## TASK STATEMENT
Given the records underneath, please repeat exactly the lines from the line with "Bandeira Turca Acenando" through the line with "Toyota Corolla 2013", passing over any picture.
--- SOURCE RECORDS Enclosed Below ---
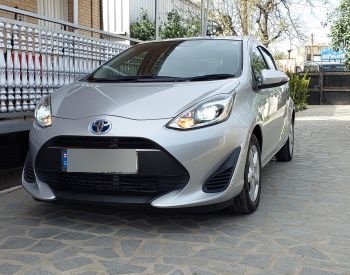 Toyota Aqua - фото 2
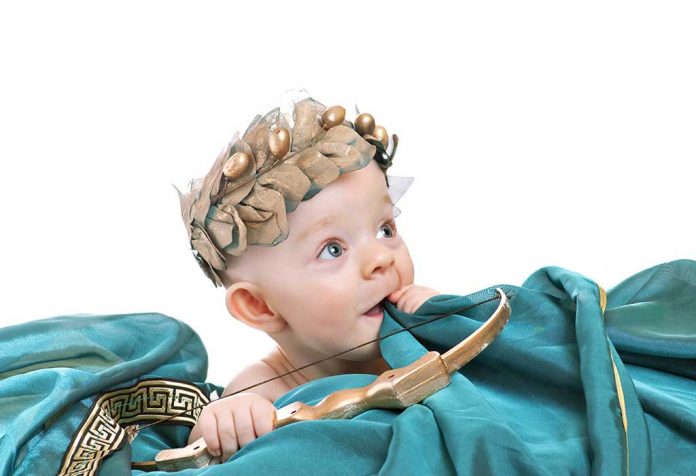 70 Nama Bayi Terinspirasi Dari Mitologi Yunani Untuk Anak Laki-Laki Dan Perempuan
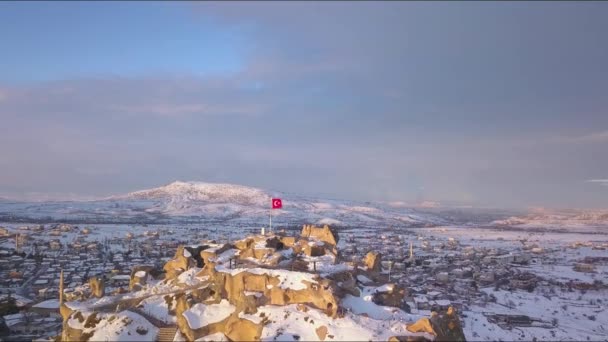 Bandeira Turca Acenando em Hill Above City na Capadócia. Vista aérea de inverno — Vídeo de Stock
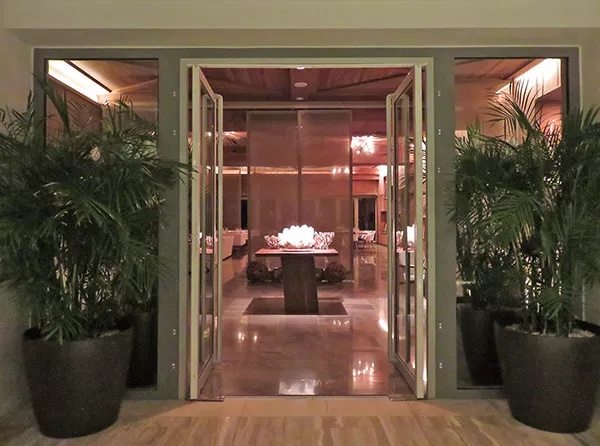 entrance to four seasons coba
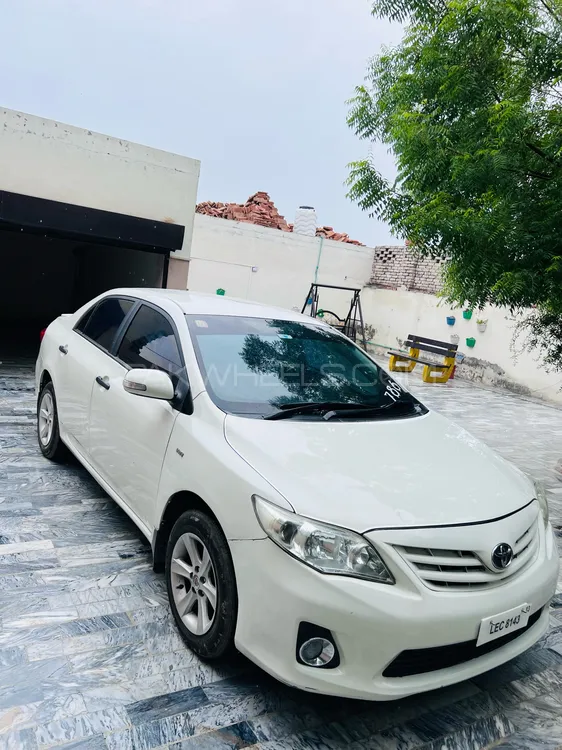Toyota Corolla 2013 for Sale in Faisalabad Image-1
--- End of Enclosed SOURCE RECORDS ---
--- SOURCE RECORDS Enclosed Below ---
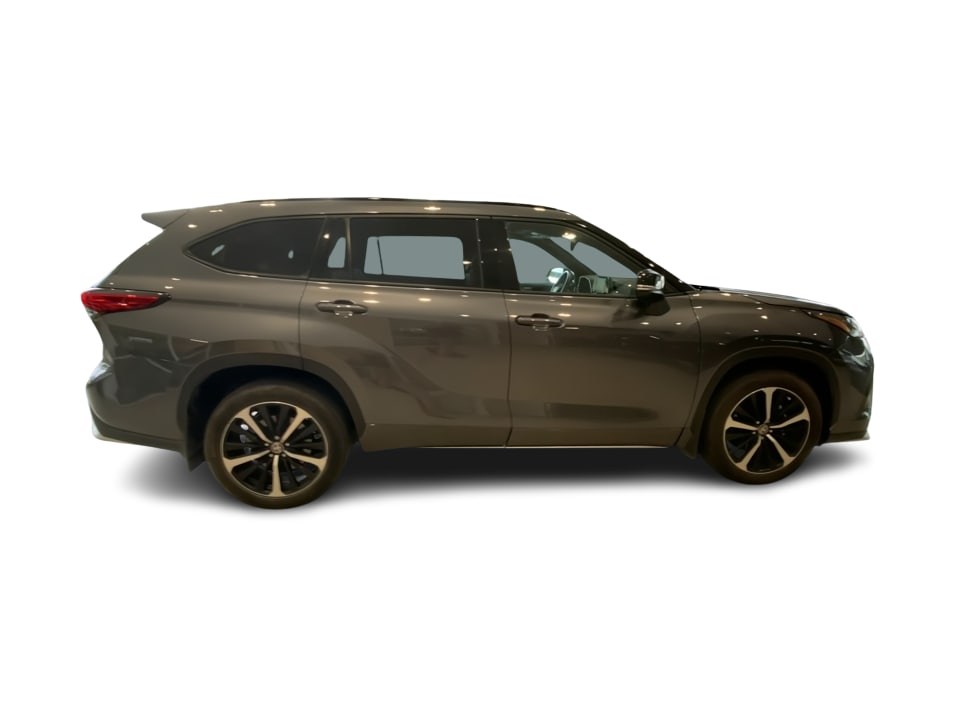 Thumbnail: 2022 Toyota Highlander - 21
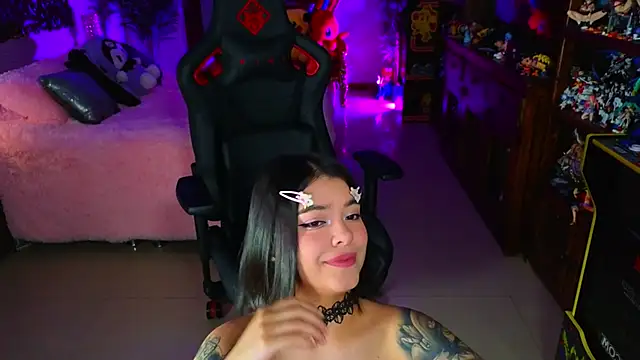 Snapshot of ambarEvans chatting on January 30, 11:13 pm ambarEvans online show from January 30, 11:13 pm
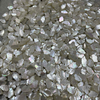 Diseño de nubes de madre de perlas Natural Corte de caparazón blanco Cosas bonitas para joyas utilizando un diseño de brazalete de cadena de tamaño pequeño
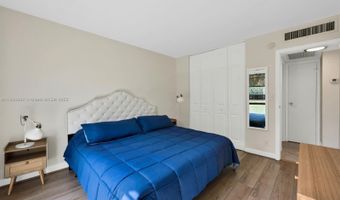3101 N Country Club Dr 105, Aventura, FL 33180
--- End of Enclosed SOURCE RECORDS ---
## REPLY TO THE TASK
 Bandeira Turca Acenando em Hill Above City na Capadócia. Vista aérea de inverno — Vídeo de Stock
 entrance to four seasons coba
Toyota Corolla 2013 for Sale in Faisalabad Image-1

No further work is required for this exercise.